[Exercise data]

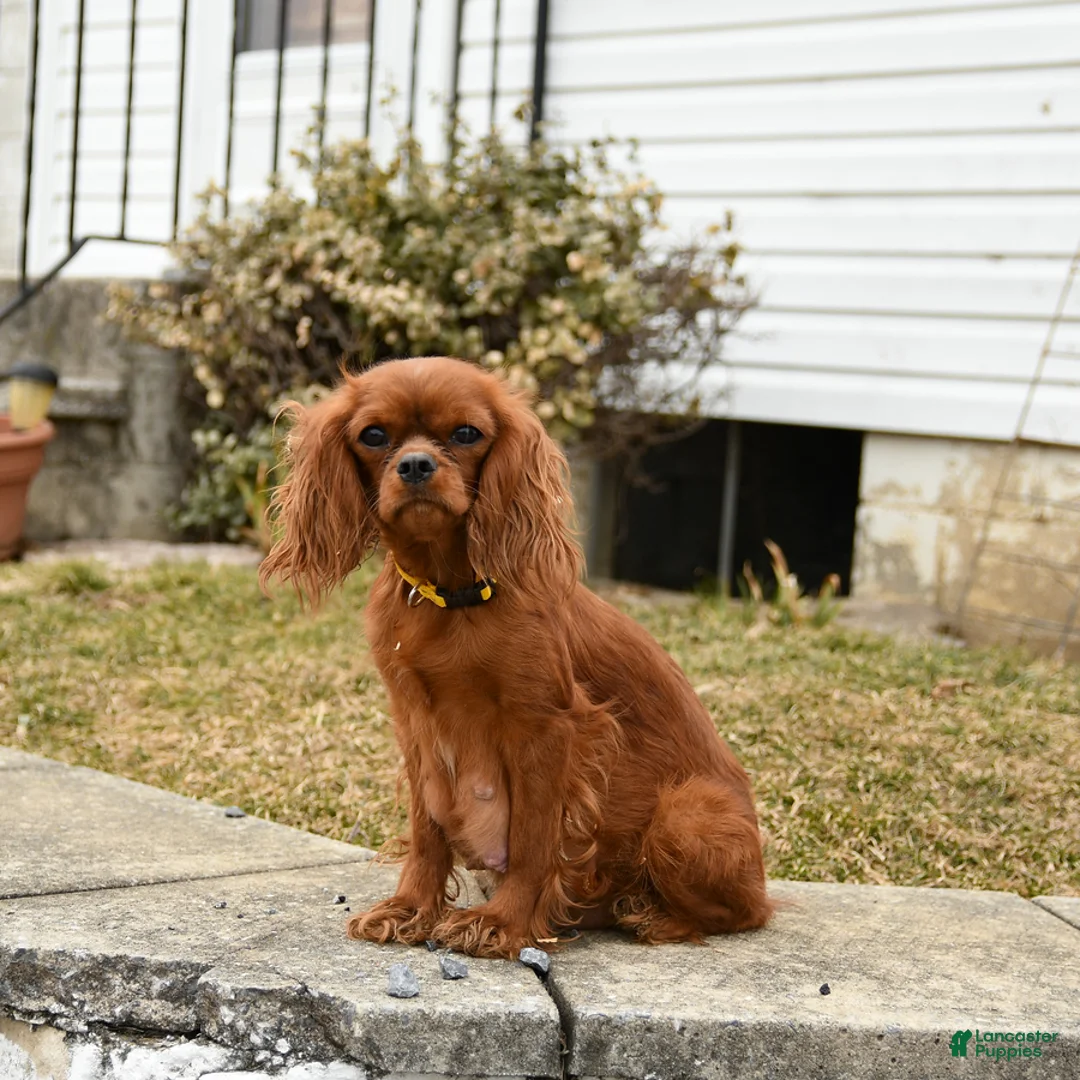 Cavalier King Charles Spaniel dogs for sale: Redhead - Ad 6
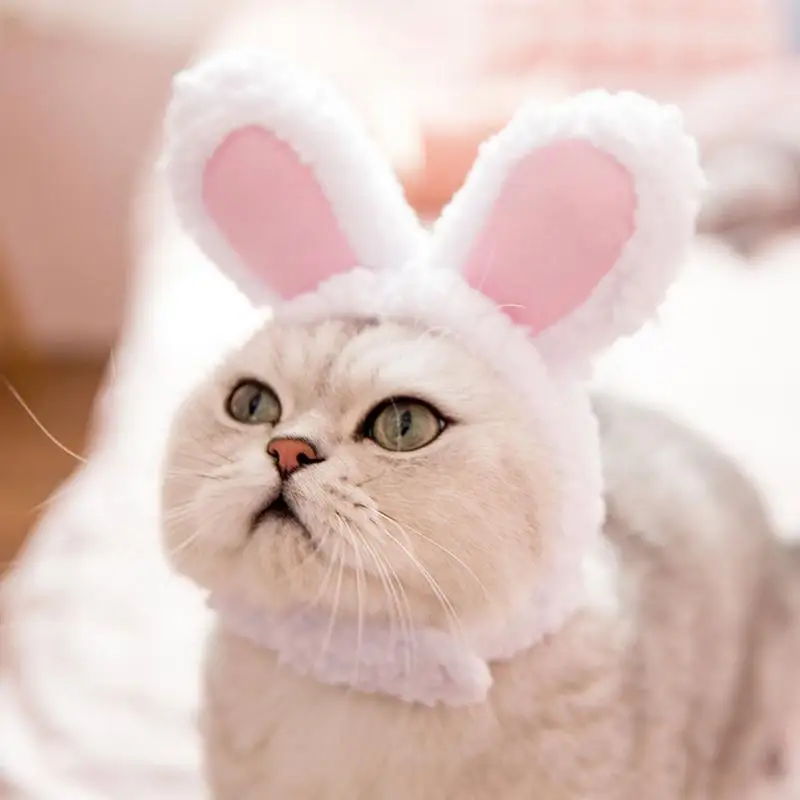 Funny Pet Dog Cat Wig Costume Warm Rabbit Hat For New Year Birthday Party Christmas Cosplay Accessories Props Puppy Headwear6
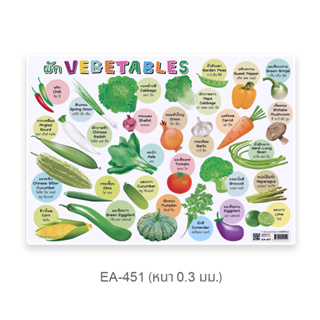 ผัก Vegetables EA-451 โปสเตอร์พลาสติก ขนาด A4 สื่อการเรียนการสอน สื่อการเรียนรู้ คำศัพท์ผัก ภาษาอังกฤษ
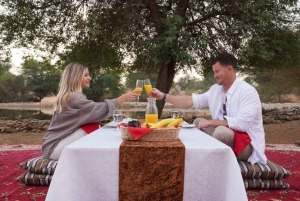 Dubai Premium Red Dunes Desert Safari: Camel Ride, Breakfast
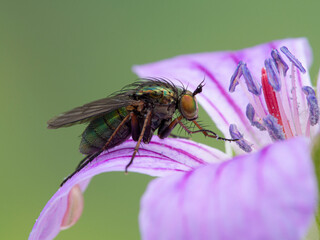 P1010350 long-legged fly (Dolichopodidae species) on geranium flower cECP 2020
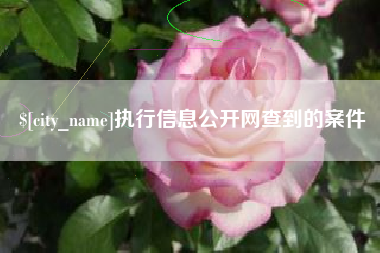 孝义执行信息公开网查到的案件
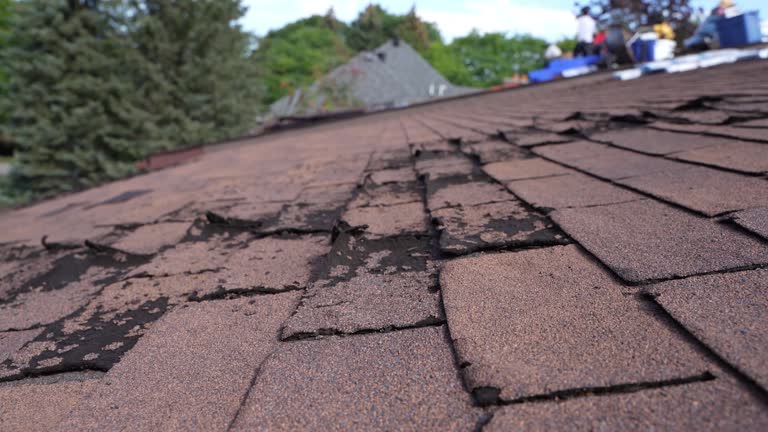 Best Solar Panel Roofing Installation  in National City, CA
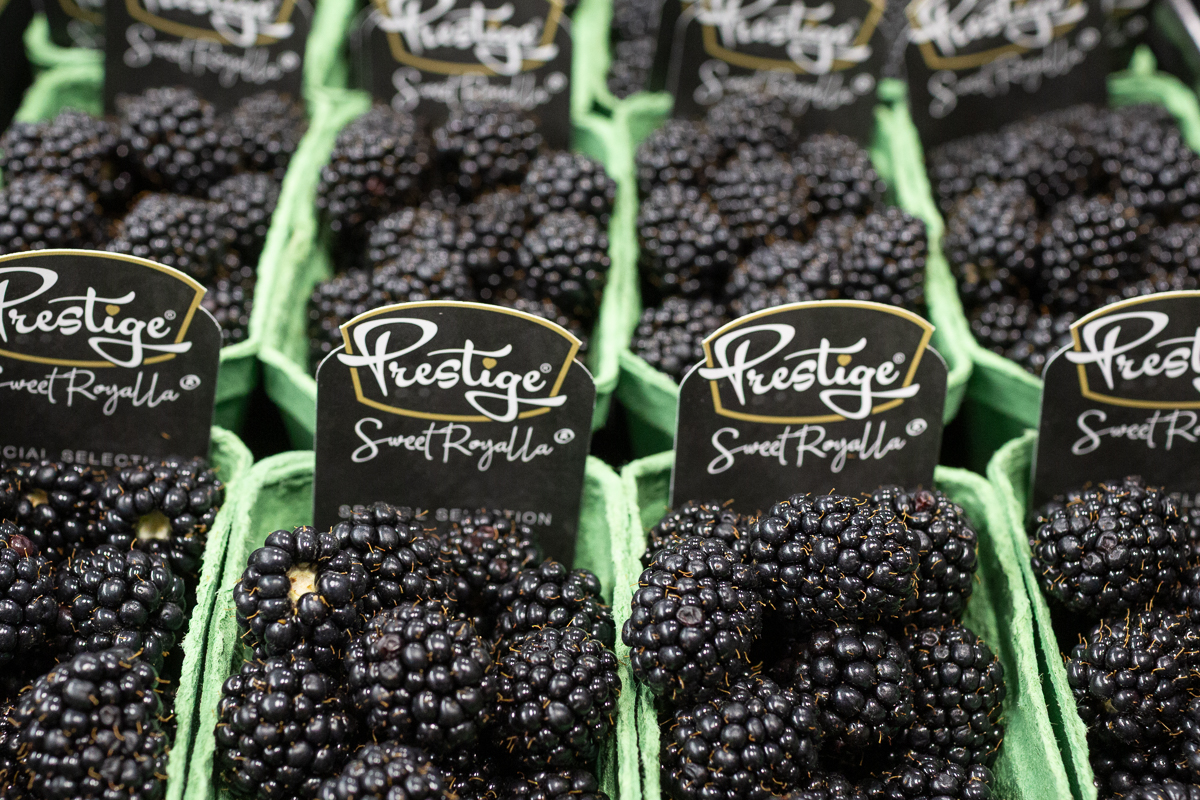 Blackberries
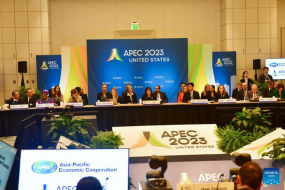 Việt Nam đề xuất ưu tiên thảo luận nhằm nâng cao hiệu quả hoạt động của APEC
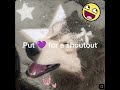 Qna soon put ur questions in the comments :p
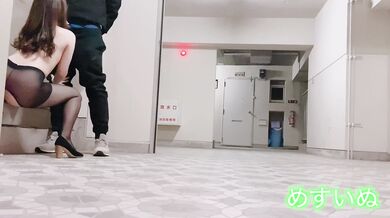 ぬすいぬ　露出　マンション　玄関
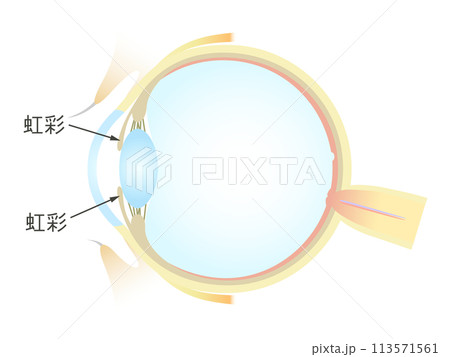 眼の垂直断面図 虹彩 113571561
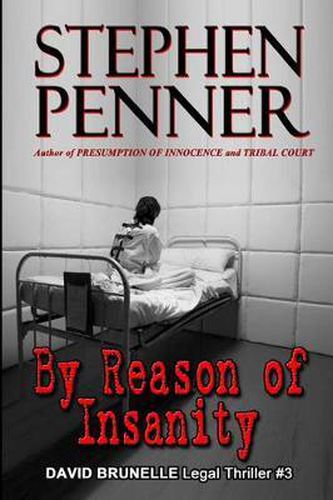 Cover image for By Reason of Insanity: David Brunelle Legal Thriller #3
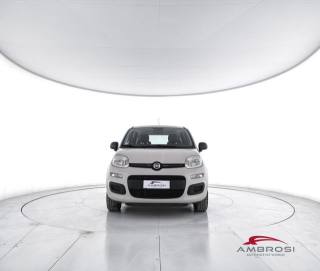 FIAT Panda usata 4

[/Exercise data]

:: Your goal ::
Type the listing out again word for word, passing over each picture.

:: Completed exercise ::
 Cavalier King Charles Spaniel dogs for sale: Redhead - Ad 6
 Funny Pet Dog Cat Wig Costume Warm Rabbit Hat For New Year Birthday Party Christmas Cosplay Accessories Props Puppy Headwear6
 ผัก Vegetables EA-451 โปสเตอร์พลาสติก ขนาด A4 สื่อการเรียนการสอน สื่อการเรียนรู้ คำศัพท์ผัก ภาษาอังกฤษ
 Dubai Premium Red Dunes Desert Safari: Camel Ride, Breakfast
 P1010350 long-legged fly (Dolichopodidae species) on geranium flower cECP 2020
 孝义执行信息公开网查到的案件
 Best Solar Panel Roofing Installation  in National City, CA
 Blackberries
 Việt Nam đề xuất ưu tiên thảo luận nhằm nâng cao hiệu quả hoạt động của APEC
 Qna soon put ur questions in the comments :p
 ぬすいぬ　露出　マンション　玄関
 眼の垂直断面図 虹彩 113571561
 Cover image for By Reason of Insanity: David Brunelle Legal Thriller #3
 FIAT Panda usata 4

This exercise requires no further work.